I've never done the critique as you go method. I LOVE my critique group and they always give wonderful feedback, but in the end I know it is my manuscript and I've got to be smart about the advice I take and the advice I leave. In the past I've chosen not to take advice, even some that I thought was excellent, just because it didn't fit into my overall vision for the story.

Anna C. Morrison said...

Other writers I know do exchange at certain intervals, and I think it is because of the change factor. Others wait and submit entire works, but that can be burdensome on the person critiquing the piece, also. I haven't participated in critiques in almost a year, but really do prefer the regular intervals, for consistency, and to allow for change.

Sarah Laurence said...

Your title is just right. I don’t show my MS to anyone until I complete it and have spent some time revising it myself. I was once in a writing group where we shared WIP at an early stage, and it was counter productive to my writing style. Getting advice is good, but you shouldn’t follow all of it. Too many cooks….

Kathryn Magendie said...

I wait until my complete manuscript is done before I ask any reader to read . . . just for the reason you say, and also because I don't want to be confused or whatever - I want to have a solid manuscript and feel confident about where I am going . . . I'm not in a critique group any longer, but this is how I find it to work best for me when I was in a group, and even now - I wait until my manuscript is pretty much done (I've edited it to death) and only then do I think about asking a few readers to peruse it -- I hope to do this with Vk2, we'll see if I have time!

Laura Martone said...

Hi, Susan! Just a quick note (I know I owe you a couple of emails, LOL) - but I wanted to tell you that I've awarded you the Splish Splash Award on my blog. I know you've gotten it already - so don't feel the need to pass it along - but I just couldn't resist honoring your FREAKIN' AWESOME blog!

Shelli said...

forget the award - i want those sparkly shoes!!!!

Weronika Janczuk said...

This post makes me wary of revision, but you're absolutely right--it's a process that we need to take into careful consideration.

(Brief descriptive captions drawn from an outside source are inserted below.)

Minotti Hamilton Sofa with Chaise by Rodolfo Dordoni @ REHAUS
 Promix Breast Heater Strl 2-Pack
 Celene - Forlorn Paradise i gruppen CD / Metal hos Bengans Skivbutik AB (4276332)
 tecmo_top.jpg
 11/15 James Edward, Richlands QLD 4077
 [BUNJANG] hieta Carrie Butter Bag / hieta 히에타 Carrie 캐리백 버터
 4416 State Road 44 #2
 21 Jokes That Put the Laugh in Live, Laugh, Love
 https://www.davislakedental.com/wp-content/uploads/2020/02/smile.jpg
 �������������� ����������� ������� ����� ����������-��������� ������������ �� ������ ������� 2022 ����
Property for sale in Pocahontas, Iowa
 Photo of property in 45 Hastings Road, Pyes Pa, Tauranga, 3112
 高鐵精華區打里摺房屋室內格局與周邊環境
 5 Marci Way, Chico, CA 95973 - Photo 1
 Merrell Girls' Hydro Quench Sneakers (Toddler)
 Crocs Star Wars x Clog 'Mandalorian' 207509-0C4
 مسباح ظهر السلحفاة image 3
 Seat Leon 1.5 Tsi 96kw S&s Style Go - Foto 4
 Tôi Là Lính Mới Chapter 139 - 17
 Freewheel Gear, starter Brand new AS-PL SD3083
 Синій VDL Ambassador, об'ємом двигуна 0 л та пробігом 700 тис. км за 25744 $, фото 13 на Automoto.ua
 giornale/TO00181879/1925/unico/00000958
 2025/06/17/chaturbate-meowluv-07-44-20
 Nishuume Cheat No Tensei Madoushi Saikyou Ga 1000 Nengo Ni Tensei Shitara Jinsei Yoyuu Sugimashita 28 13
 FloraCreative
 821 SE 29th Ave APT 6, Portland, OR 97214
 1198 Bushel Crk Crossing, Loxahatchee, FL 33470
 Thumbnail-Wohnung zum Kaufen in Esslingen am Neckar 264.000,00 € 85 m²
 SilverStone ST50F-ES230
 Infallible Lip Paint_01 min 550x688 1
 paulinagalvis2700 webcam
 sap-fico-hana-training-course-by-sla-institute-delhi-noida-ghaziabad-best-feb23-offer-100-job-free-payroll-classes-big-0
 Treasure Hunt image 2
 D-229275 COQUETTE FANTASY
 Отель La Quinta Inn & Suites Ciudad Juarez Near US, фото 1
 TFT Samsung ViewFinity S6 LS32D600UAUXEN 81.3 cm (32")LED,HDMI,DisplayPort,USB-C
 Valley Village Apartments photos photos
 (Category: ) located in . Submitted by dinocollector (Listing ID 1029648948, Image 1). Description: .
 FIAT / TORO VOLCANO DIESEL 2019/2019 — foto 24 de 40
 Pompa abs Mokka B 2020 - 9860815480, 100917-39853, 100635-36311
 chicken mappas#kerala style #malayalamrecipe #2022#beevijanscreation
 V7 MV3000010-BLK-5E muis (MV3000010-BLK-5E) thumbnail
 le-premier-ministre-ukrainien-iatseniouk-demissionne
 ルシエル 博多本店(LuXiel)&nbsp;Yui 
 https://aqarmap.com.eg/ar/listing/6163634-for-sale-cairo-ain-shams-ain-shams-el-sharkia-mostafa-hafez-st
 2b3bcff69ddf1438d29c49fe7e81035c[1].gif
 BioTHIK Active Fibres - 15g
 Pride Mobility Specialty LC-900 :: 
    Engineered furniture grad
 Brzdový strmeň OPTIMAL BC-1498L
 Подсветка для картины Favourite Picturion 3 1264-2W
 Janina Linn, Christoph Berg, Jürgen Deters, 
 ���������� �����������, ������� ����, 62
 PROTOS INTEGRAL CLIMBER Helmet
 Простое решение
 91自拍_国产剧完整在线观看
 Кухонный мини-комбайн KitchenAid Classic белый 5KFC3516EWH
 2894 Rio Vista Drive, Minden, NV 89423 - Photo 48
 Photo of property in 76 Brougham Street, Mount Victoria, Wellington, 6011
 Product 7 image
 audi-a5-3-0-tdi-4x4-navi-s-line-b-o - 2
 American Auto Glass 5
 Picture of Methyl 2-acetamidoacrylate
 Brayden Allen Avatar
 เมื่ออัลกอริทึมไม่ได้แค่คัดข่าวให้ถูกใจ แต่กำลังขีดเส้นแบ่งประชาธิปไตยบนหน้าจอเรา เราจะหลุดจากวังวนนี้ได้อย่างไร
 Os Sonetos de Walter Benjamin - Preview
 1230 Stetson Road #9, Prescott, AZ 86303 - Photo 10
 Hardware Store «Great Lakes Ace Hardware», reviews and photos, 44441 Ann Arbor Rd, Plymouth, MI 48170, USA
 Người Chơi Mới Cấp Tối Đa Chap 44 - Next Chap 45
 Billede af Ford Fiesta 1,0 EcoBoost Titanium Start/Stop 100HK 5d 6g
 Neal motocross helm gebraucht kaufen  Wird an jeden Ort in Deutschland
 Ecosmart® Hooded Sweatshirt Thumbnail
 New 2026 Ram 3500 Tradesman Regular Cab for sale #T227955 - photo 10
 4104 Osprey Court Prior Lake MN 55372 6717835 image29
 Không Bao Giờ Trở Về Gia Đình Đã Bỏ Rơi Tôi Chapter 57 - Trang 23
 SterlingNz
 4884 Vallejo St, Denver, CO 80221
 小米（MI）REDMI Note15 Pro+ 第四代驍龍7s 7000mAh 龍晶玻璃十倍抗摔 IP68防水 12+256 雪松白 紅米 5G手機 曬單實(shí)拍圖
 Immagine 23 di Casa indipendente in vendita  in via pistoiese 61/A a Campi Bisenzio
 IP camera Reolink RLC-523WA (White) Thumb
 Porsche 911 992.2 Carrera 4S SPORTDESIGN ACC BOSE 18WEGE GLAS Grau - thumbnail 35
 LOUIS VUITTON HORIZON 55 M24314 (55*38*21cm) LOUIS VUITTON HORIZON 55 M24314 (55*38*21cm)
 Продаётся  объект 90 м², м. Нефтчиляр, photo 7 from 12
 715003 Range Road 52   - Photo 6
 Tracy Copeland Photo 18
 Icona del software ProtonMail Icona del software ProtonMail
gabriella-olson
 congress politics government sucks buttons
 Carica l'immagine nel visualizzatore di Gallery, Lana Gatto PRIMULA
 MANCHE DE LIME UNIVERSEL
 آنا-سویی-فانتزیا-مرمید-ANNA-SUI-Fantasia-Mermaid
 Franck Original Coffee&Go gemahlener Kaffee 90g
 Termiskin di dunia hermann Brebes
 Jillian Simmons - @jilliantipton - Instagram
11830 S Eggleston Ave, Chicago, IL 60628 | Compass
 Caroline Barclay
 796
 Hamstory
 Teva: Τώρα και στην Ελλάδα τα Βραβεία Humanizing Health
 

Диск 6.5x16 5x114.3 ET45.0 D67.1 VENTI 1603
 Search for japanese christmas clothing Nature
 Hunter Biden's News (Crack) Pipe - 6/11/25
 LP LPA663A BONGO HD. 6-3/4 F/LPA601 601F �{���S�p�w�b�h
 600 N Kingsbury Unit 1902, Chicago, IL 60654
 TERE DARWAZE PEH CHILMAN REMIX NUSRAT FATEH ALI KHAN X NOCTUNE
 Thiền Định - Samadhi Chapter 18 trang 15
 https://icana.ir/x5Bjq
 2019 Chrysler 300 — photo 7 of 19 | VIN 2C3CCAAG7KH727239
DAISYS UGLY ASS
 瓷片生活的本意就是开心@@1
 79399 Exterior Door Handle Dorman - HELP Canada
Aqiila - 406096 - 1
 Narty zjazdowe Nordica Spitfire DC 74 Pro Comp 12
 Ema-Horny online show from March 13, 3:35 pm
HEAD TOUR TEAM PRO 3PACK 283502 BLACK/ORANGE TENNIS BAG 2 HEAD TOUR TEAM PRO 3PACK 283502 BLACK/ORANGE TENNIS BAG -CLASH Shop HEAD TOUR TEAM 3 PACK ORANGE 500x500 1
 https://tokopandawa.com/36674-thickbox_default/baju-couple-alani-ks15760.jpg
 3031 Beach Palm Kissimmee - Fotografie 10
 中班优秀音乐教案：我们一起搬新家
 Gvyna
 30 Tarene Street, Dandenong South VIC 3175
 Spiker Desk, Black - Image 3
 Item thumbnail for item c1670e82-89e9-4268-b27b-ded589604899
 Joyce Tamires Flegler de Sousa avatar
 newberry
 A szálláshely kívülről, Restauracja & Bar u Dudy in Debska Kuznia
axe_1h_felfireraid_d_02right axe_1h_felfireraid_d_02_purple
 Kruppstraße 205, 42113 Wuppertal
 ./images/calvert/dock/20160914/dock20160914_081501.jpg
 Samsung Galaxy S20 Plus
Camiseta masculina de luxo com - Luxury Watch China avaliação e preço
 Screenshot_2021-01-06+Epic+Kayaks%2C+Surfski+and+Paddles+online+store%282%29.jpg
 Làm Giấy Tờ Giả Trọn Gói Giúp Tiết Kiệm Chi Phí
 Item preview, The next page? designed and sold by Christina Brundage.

Yikes. I plan to let my ms sit for a month and then, after revisions, send it off for critique and wait another month or two before I finish up any rewriting.

Thanks, Susan!

Patti said...

I agree with waiting until the end to offer the critique. You might change something that's dealt with later on in the novel or think something doesn't make sense until you read the whole thing.

GutsyWriter said...

As I plan on meeting with a couple of agents at a writers conference in November, I tend to pay a lot of attention to the critiques on my first few chapters. Perhaps this is not a great idea, but I want my work to be sooooo polished.